From that rich experience, Thomas has assembled a memoir full of impressions and adventures. She offers insight into the innumerable stories she has covered, from Khrushchev's "we will bury you" speech to the premature delivery of John F. Kennedy Jr. to Nixon's historic 1972 trip to China to world travels with Presidents Reagan, Bush and Clinton. She shares her views (almost always generous and thoughtful) on the press secretaries, first ladies and presidents she has seen in four decades at the White House.

And she relates a wealth of inside stories about her own experiences, including the time Nancy Reagan rescued her from the Soviet KGB; the day Pat Nixon scooped her with Thomas' own engagement announcement; and the agonizing death of her husband, reporter Douglas Cornell, less than 11 years after their wedding.

She has a well-tuned ear for the great quote (Jimmy Carter's mother, Lillian, once told her, "Sometimes when I look at my children, I wish I'd remained a virgin") and can deliver one-liners with the best of them. "If he wants his privacy," she once snapped at a Clinton aide, "then he shouldn't be president."

As good a read as Thomas provides, however, I most appreciate her book for something else.

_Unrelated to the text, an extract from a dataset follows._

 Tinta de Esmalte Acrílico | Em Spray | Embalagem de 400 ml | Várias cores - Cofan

It is a dedicated reporter's impassioned manifesto for fair and aggressive coverage of public issues.

Thomas, it appears, has managed over all these years to balance two vital but opposing tendencies--a healthy skepticism of everything and an idealistic belief in the democratic system.

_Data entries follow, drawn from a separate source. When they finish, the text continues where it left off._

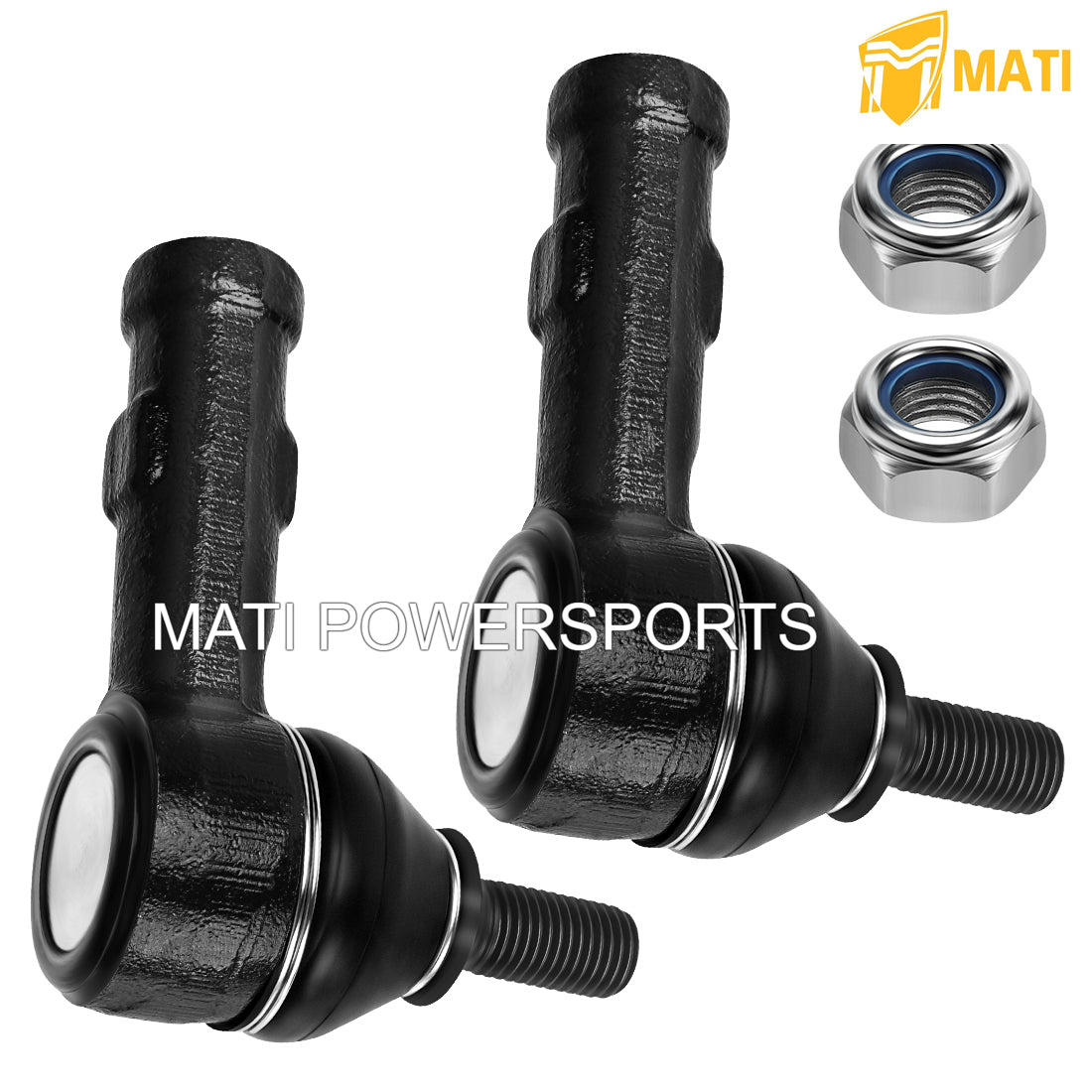 M MATI 2Pcs Left & Right Steering Tie Rod End Fit For Polaris RZR 1000/Turbo XP OEM: 7061234 7061203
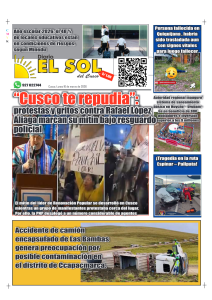 Portada: Lunes, 16 de marzo de 2026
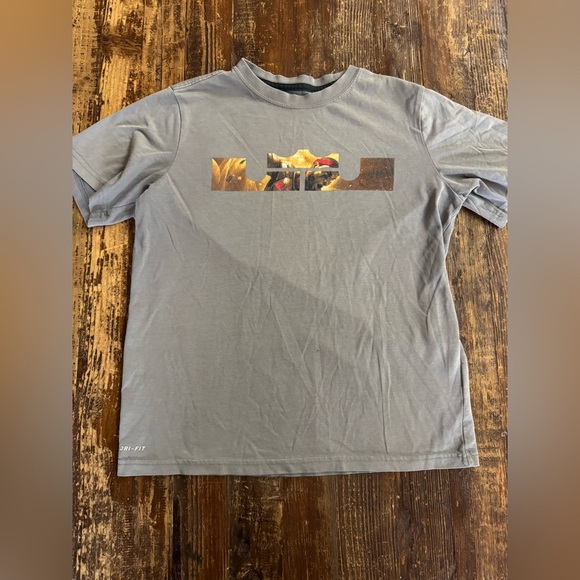 Nike Other - Nike Dri-FIT Gray Tee with Graphic Design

"Reporters have an unending mission," she declares, "to seek the truth and find it and report it." She sees her role as keeping "faith with the people's right to know" and representing the "housewife from Des Moines [who] personifies what the nation wants to know."

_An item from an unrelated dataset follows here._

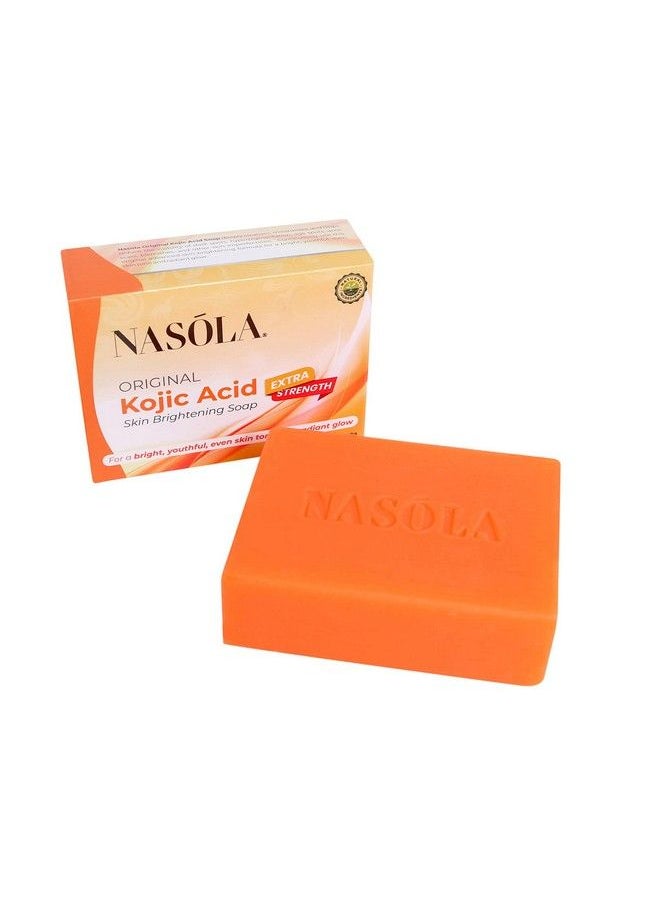 Nasola - Kojic Acid Soap For Skin Brightening Acne Dark Spot Remover For Face & Body Underarm & Armpit Fades Hyperpigmentation & Evens Tone - Image 1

Thomas is unyielding about the need for access to politicians, and she criticizes the trend toward sealing off the president from press and public. "It's become the incredible shrinking presidency in terms of access, and in my opinion, we are all being shortchanged."

That's why she happily yells questions at presidents, shouts follow-ups at press conferences and interrupts photo opportunities with unwelcome inquiries. "When a reporter has a chance to ask a question, I think he or she should ask it, no matter where, no matter when." She once asked President Carter's 3-year-old grandson (teasingly, she claims), "So tell me, what did your granddad have to say about Senator Kennedy?"

Through all the years she has maintained an optimistic, sometimes even romanticized attitude. "I have always considered myself privileged to be a witness to instant history," she writes. After devoting a chapter to her travels aboard Air Force One, Thomas concludes, "For all the history I've witnessed...I still don't take it for granted.... It has always been a thrill to be welcomed aboard."

And regretting the dwindling opportunities for informal contact with presidents, she recalls visits to the LBJ ranch: "I'll still say there is something to be said for walking the acreage on a Texas ranch at twilight, standing with a president and watching for the deer to come out, and listening to him talk about his hopes and dreams for the country."

Almost 60 years into her career, Thomas comes across as the quin-tessential tough but caring reporter, still independent from and un-seduced by the celebrity world she inhabits. Her book is not only enjoyable reading. It is an inspiration.